§ What is needed
Once you find the line with "Ústí N.L., Klíše, Hvězda to Modletice map" in the data below, transcribe exactly each line from there to the line with "1Pc Happy Easter", inclusive, and nothing else. Drop the pictures.

§ Records for this exercise
---

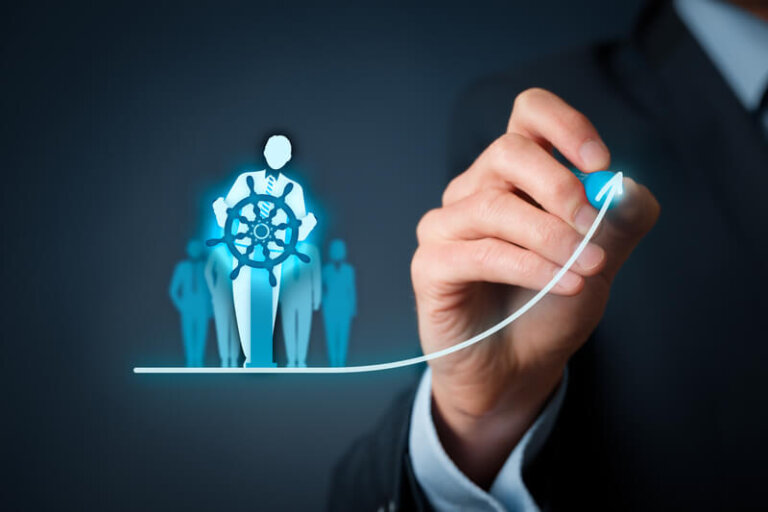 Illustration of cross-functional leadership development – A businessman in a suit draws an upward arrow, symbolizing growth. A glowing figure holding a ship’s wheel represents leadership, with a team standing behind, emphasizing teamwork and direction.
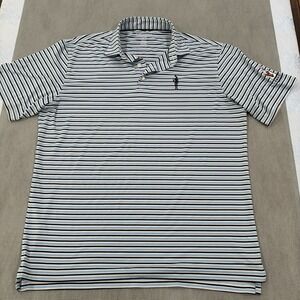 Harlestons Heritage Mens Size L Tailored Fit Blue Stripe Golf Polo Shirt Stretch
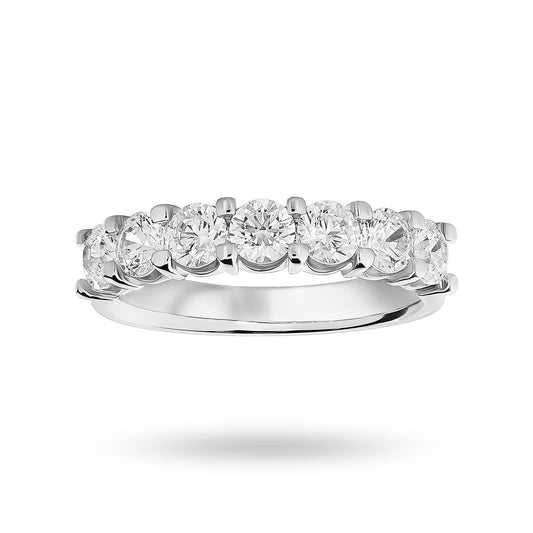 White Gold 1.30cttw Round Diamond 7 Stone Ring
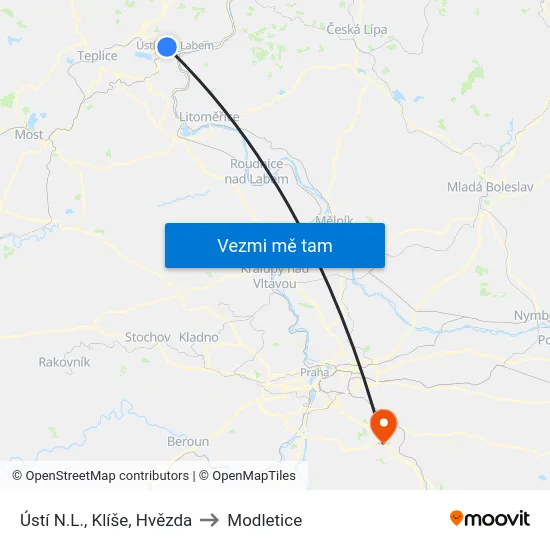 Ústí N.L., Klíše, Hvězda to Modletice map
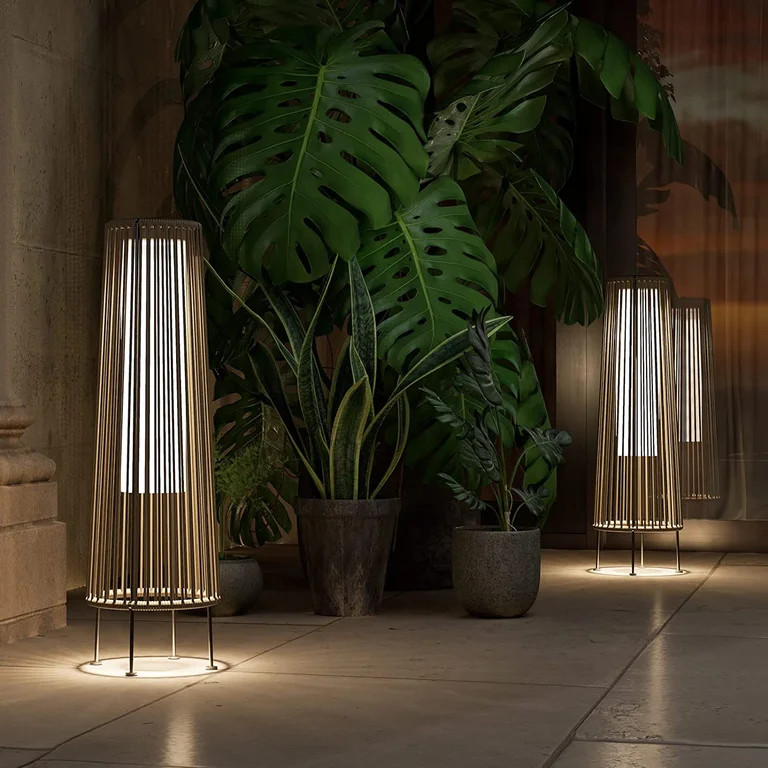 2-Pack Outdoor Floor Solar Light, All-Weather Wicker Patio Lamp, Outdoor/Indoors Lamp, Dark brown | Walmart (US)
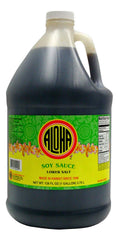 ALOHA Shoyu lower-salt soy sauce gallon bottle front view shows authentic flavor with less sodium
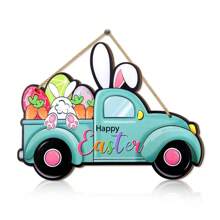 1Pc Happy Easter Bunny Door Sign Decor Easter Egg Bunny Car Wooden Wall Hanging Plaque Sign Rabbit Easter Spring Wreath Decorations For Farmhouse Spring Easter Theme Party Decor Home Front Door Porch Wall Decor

---

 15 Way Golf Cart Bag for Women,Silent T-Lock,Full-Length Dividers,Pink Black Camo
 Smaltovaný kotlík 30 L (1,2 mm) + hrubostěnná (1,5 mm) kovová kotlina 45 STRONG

---

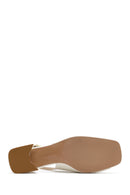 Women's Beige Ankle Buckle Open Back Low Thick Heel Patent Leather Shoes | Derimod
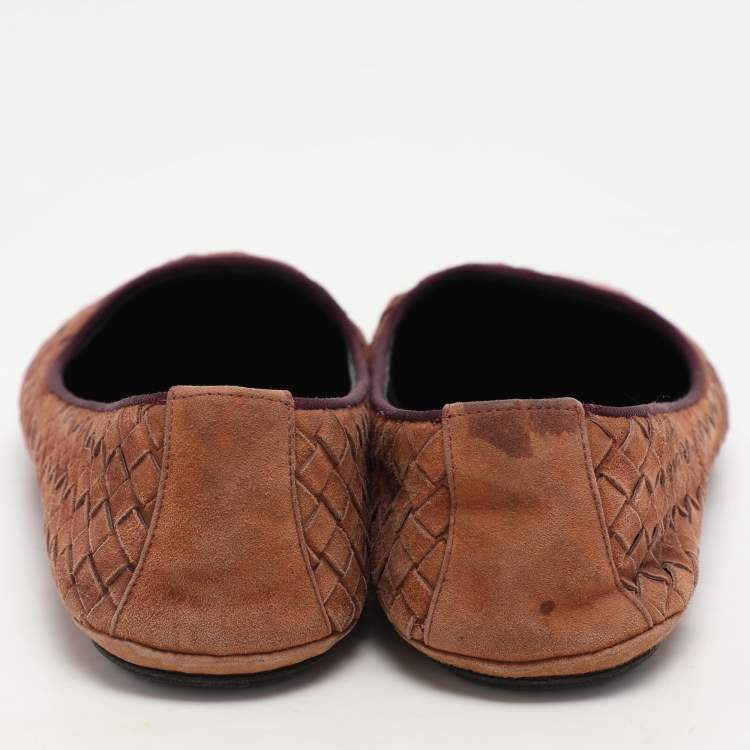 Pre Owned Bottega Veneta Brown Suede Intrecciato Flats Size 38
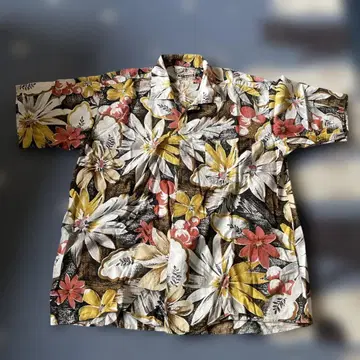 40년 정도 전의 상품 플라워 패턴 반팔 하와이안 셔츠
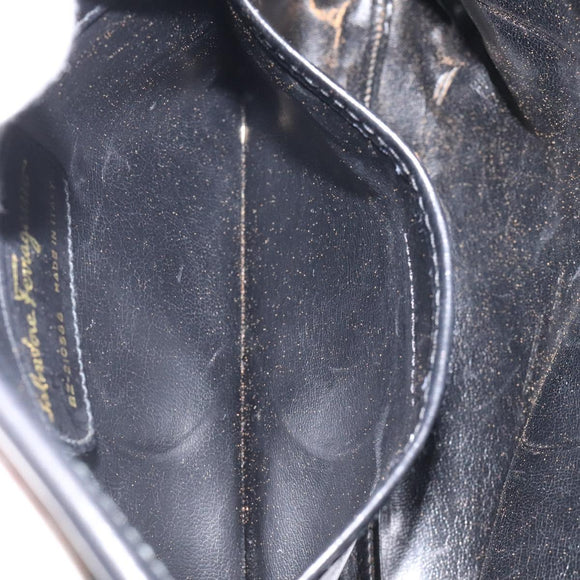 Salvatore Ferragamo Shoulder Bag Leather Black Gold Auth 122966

---

§ Task output
 Ústí N.L., Klíše, Hvězda to Modletice map
 2-Pack Outdoor Floor Solar Light, All-Weather Wicker Patio Lamp, Outdoor/Indoors Lamp, Dark brown | Walmart (US)
 ALOHA Shoyu lower-salt soy sauce gallon bottle front view shows authentic flavor with less sodium
 1Pc Happy Easter Bunny Door Sign Decor Easter Egg Bunny Car Wooden Wall Hanging Plaque Sign Rabbit Easter Spring Wreath Decorations For Farmhouse Spring Easter Theme Party Decor Home Front Door Porch Wall Decor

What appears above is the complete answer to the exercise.